At a special luncheon in his honor Jan. 5, the Alabama Wildlife Federation was joined by a chorus of well wishers and presenters, who praised the Pell City native for the work he has done over the past eight years.
Gifts and special presentations were made from Gov. Bob Riley, AWF, Ducks Unlimited and other environmental and conservation groups across the state, all citing innovations and improvements made under Lawley's leadership.
His list of accomplishments is a long one. During Lawley's tenure, hunting and fishing licenses were made easier to obtain through more outlets and electronic and online purchasing. He created a volunteer license for those who don't hunt or fish but want to support the department's efforts on the state's behalf.
Throughout his administration, significant improvements were made to the state parks system.
He promoted Alabama as a tourist destination for anglers, hunters, campers, bird watchers, hikers, canoers, spelunkers and a whole host of outdoor enthusiasts, and the department's website, outdooralabama.com, was voted best in the nation.
Lawley dealt with the aftermath of two hurricanes, a long drought and the worst oil spill in the nation's history. The Aquatic Biodiversity Center, another of Lawley's projects, just opened and will help keep water clean in Alabama the natural way with mussels and snails.

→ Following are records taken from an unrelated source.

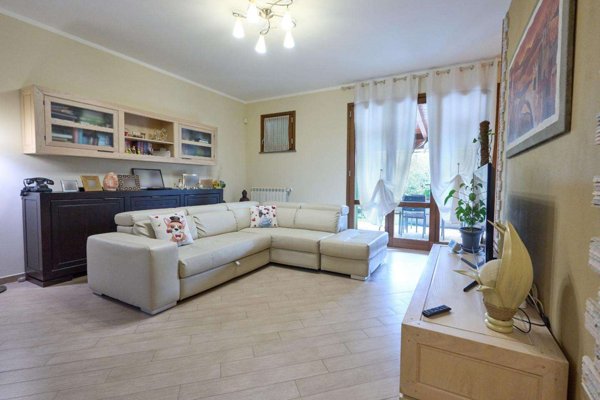 intera palazzina in vendita a Cerreto Guidi in zona Stabbia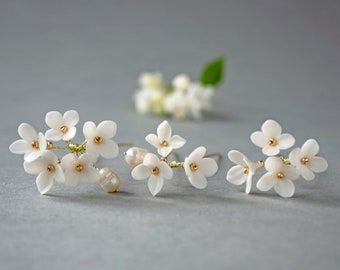 Flower hair pins, Bridal hair pin, Set of hair pins, White flowers pin, bridal headpiece Flower girl pin Bridesmaid  pin Floral wedding clip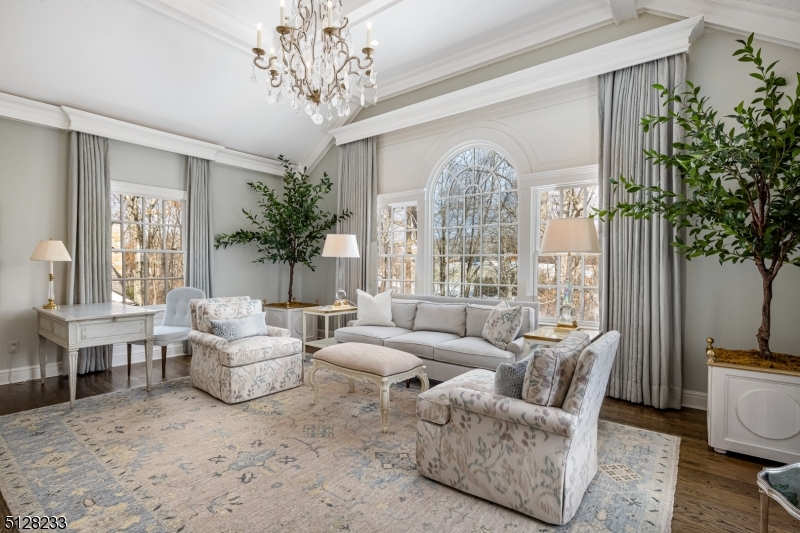 Crownview Lane - Residential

Forever Wild, which acquired 221,000 acres on long term leases for public use for outdoor activities has flourished during his time on the cabinet, and he didn't miss a chance to give it a plug at the luncheon honoring him. “Don't forget Forever Wild,” he told the crowd.
His wife, Deanna, and son, Cannon, spoke about his passion for the outdoors and his determination to always “do the right thing.”
Representatives of various groups - all came to the same conclusion - that Lawley made his mark on the department, leaves a lasting legacy for the state's natural resources and his shoes will be hard to fill.